BRIEF DESCRIPTION OF THE DRAWINGS
[0028] These and/or other aspects and advantages of the present
general inventive concept will become apparent and more readily
appreciated from the following description of the embodiments,
taken in conjunction with the accompanying drawings of which:
[0029] FIG. 1 is a perspective view of a general slit coater;
[0030] FIG. 2 is a sectional view showing a state where photoresist
is coated on a substrate by the slit coater shown in FIG. 1;
[0031] FIG. 3 is a schematic front view of a slit nozzle and an
apparatus for measuring widthwise ejection uniformity of the slit
nozzle according to an embodiment of the invention;
[0032] FIG. 4 is a side view for explaining a state where a fluid
is ejected by the apparatus for measuring widthwise ejection
uniformity of slit nozzle according to the invention; and
[0033] FIG. 5 is a front view of a slit nozzle and an apparatus for
measuring widthwise ejection uniformity of the slit nozzle
according to another embodiment of the invention.
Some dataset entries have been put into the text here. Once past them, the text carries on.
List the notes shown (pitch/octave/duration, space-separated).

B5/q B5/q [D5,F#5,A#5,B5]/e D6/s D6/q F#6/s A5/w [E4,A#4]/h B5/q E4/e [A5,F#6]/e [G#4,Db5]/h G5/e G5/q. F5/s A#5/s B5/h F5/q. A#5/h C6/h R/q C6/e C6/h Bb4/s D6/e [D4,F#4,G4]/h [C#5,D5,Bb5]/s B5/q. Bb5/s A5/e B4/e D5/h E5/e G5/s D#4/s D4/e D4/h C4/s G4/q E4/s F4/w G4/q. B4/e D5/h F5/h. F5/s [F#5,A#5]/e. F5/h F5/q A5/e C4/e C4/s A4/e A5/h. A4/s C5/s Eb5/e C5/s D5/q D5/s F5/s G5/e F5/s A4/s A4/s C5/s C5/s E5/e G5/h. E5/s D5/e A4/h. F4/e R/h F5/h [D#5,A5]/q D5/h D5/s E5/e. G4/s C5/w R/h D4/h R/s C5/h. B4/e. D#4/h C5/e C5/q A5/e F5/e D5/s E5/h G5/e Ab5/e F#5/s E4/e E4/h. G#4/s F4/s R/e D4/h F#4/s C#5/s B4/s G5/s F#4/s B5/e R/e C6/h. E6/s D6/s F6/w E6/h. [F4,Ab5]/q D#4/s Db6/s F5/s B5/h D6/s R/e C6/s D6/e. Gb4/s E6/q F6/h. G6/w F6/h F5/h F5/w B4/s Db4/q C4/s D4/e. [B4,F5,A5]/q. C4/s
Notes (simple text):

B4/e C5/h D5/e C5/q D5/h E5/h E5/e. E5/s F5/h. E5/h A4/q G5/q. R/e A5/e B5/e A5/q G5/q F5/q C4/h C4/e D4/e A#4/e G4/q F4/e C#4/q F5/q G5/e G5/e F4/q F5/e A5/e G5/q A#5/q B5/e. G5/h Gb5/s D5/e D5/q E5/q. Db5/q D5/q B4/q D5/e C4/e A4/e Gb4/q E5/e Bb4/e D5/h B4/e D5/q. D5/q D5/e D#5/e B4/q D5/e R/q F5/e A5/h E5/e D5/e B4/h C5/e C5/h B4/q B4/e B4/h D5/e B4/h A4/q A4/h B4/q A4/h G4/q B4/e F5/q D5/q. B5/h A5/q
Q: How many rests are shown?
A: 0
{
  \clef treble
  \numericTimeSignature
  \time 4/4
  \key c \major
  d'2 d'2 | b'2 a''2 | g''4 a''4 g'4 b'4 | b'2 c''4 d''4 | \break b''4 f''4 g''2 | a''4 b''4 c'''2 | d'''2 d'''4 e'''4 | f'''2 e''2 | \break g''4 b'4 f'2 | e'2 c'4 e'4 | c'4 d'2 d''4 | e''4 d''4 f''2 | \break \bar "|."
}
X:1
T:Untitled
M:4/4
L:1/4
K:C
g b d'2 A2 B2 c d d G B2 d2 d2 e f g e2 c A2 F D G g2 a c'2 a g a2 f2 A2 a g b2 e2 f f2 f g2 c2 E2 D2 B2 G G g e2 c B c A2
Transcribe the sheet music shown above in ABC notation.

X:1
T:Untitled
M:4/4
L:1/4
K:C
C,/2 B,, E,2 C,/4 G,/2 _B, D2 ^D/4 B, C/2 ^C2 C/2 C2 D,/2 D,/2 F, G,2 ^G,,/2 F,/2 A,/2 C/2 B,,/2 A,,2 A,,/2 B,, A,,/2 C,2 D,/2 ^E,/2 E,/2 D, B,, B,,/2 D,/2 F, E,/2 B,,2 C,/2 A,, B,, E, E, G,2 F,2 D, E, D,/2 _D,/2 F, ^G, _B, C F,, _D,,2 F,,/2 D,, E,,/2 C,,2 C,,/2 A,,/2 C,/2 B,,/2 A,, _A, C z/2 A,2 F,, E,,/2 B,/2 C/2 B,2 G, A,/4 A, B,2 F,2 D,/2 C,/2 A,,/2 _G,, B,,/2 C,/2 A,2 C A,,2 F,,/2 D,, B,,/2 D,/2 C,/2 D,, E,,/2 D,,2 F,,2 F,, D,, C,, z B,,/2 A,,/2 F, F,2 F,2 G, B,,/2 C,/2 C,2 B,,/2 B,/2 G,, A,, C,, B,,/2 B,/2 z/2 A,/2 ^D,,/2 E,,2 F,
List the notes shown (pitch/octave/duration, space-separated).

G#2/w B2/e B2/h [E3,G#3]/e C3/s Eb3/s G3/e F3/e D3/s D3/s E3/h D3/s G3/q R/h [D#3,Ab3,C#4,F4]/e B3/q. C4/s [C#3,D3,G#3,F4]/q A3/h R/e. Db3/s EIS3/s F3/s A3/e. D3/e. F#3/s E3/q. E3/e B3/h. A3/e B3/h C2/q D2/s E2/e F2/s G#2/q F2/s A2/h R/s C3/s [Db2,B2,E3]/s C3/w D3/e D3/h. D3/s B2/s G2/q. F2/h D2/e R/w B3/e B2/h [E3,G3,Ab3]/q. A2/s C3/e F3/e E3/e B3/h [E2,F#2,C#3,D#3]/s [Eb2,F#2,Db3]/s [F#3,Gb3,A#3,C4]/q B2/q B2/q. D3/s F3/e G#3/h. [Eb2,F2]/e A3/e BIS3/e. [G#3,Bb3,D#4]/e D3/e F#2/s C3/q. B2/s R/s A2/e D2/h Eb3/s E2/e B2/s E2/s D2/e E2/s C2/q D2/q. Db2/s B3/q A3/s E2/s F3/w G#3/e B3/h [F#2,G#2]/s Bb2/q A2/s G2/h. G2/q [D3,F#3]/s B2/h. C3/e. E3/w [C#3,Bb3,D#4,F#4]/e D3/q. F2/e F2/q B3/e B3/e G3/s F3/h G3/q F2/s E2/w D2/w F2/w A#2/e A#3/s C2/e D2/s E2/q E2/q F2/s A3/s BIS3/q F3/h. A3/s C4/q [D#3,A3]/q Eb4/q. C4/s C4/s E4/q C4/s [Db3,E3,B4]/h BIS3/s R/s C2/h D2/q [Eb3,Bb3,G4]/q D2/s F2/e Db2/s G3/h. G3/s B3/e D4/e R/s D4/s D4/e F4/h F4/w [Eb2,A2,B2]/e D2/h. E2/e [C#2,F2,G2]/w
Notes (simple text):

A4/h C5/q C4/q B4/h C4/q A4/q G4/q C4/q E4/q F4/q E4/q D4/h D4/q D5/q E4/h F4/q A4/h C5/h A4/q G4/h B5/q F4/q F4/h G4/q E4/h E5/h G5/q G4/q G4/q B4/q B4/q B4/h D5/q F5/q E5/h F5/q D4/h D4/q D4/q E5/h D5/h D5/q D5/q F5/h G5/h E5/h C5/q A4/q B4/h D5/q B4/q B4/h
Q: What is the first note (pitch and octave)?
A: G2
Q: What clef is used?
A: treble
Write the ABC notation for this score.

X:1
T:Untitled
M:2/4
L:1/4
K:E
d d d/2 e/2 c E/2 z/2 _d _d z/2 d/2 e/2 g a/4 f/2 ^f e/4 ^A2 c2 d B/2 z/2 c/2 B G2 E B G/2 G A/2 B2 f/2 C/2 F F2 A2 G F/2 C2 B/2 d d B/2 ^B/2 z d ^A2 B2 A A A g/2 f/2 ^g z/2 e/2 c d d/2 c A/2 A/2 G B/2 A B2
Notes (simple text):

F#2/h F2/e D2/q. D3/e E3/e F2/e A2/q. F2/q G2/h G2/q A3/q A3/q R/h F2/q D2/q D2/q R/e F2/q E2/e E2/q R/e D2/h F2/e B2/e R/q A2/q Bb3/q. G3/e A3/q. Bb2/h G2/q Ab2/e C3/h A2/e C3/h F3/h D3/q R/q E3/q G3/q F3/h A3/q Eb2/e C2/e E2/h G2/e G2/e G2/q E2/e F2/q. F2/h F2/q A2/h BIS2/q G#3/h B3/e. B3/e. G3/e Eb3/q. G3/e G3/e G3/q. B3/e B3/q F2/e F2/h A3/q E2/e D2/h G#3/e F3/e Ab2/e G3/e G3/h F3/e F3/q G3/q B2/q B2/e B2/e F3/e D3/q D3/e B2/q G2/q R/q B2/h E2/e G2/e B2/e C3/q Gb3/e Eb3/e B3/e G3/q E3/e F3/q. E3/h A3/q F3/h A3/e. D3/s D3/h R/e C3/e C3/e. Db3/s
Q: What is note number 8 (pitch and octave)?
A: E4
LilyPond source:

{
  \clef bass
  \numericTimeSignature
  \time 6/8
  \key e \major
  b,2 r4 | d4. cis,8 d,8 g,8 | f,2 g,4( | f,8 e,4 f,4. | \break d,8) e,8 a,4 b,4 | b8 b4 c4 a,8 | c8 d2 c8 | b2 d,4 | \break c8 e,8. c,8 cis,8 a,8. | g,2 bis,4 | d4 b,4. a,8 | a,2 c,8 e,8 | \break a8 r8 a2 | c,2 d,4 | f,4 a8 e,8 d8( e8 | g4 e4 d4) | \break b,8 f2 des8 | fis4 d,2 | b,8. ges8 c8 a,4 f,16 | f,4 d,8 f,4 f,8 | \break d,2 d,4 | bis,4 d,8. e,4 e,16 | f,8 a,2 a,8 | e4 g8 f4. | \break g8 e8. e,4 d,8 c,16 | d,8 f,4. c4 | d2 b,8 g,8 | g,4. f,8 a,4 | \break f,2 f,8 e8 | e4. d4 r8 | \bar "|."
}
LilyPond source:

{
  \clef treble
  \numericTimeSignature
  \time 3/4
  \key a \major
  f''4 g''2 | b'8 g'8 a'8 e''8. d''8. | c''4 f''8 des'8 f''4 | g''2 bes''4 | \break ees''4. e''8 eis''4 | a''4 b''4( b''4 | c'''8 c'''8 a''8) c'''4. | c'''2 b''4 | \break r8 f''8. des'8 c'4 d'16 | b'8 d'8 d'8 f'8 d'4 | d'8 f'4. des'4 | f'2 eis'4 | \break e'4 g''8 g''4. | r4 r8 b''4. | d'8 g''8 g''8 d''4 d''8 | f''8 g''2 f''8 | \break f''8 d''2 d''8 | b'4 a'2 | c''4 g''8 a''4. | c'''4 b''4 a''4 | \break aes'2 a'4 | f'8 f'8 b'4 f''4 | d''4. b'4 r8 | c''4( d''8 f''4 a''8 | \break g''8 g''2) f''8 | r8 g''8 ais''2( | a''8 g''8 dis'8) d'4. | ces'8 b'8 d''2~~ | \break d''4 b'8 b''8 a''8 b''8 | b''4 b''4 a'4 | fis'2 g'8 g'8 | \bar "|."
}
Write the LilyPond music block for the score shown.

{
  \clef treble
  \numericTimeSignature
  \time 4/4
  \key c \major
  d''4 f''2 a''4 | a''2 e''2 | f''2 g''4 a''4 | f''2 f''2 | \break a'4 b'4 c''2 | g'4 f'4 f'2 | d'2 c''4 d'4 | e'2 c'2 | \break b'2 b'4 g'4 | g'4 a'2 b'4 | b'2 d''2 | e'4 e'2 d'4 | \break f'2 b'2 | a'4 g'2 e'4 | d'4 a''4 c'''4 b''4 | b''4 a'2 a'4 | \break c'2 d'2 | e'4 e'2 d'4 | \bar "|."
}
DETAILED DESCRIPTION OF THE PREFERRED EMBODIMENTS
[0034] Reference will now be made in detail to the embodiments of
the present general inventive concept, examples of which are
illustrated in the accompanying drawings, wherein like reference
numerals refer to like elements throughout. The embodiments are
described below in order to explain the present general inventive
concept by referring to the figures.
[0035] Hereinafter, an apparatus and method for measuring widthwise
ejection uniformity of slit nozzle according to the present
invention will be described in detail with reference to the
accompanying drawings. The apparatus for measuring ejection
uniformity according to the invention serves to measure ejection
uniformity of photoresist to be ejected by the slit nozzle of the
slit coater described in the related art. The descriptions of the
slit coater will be omitted.
[0036] FIG. 3 is a schematic front view of a slit nozzle and an
apparatus for measuring widthwise ejection uniformity of the slit
nozzle according to the invention. FIG. 4 is a side view for
explaining a state where a fluid is ejected by the apparatus for
measuring widthwise ejection uniformity of slit nozzle according to
the invention.
[0037] Referring to FIG. 3, the apparatus for measuring widthwise
ejection uniformity of slit nozzle according to the invention
serves to measure ejection pressure of fluid, which is ejected from
the slit nozzle, along a widthwise direction of the slit
nozzle.
[0038] That is, the apparatus for measuring widthwise ejection
uniformity of slit nozzle according to the invention includes a
plurality of oil pressure measuring units 320 which are fixed and
disposed under an ejection port 112 as the lower end of the slit
nozzle 110 so as to be spaced at a predetermined distance from the
ejection port 112; and a control unit 360 which is connected to
each of the oil pressure measuring units 320. The control unit 360
receives a signal from each of the oil pressure measuring units 320
so as to measure ejection pressure applied to the oil pressure
measuring unit 320 and then calculates the uniformity of ejected
fluid Fl to display.
[0039] The plurality of oil pressure measuring units 320 are
arranged in line so as to be spaced at a predetermined distance
along the widthwise direction of the slit nozzle 110. Each of the
oil pressure measuring units 320 has an oil detection surface 320f
disposed to face the ejection port 112 of the slit nozzle 110. As
the number of the oil pressure measuring units 320 increases, the
ejection uniformity can be measured with more precise resolution.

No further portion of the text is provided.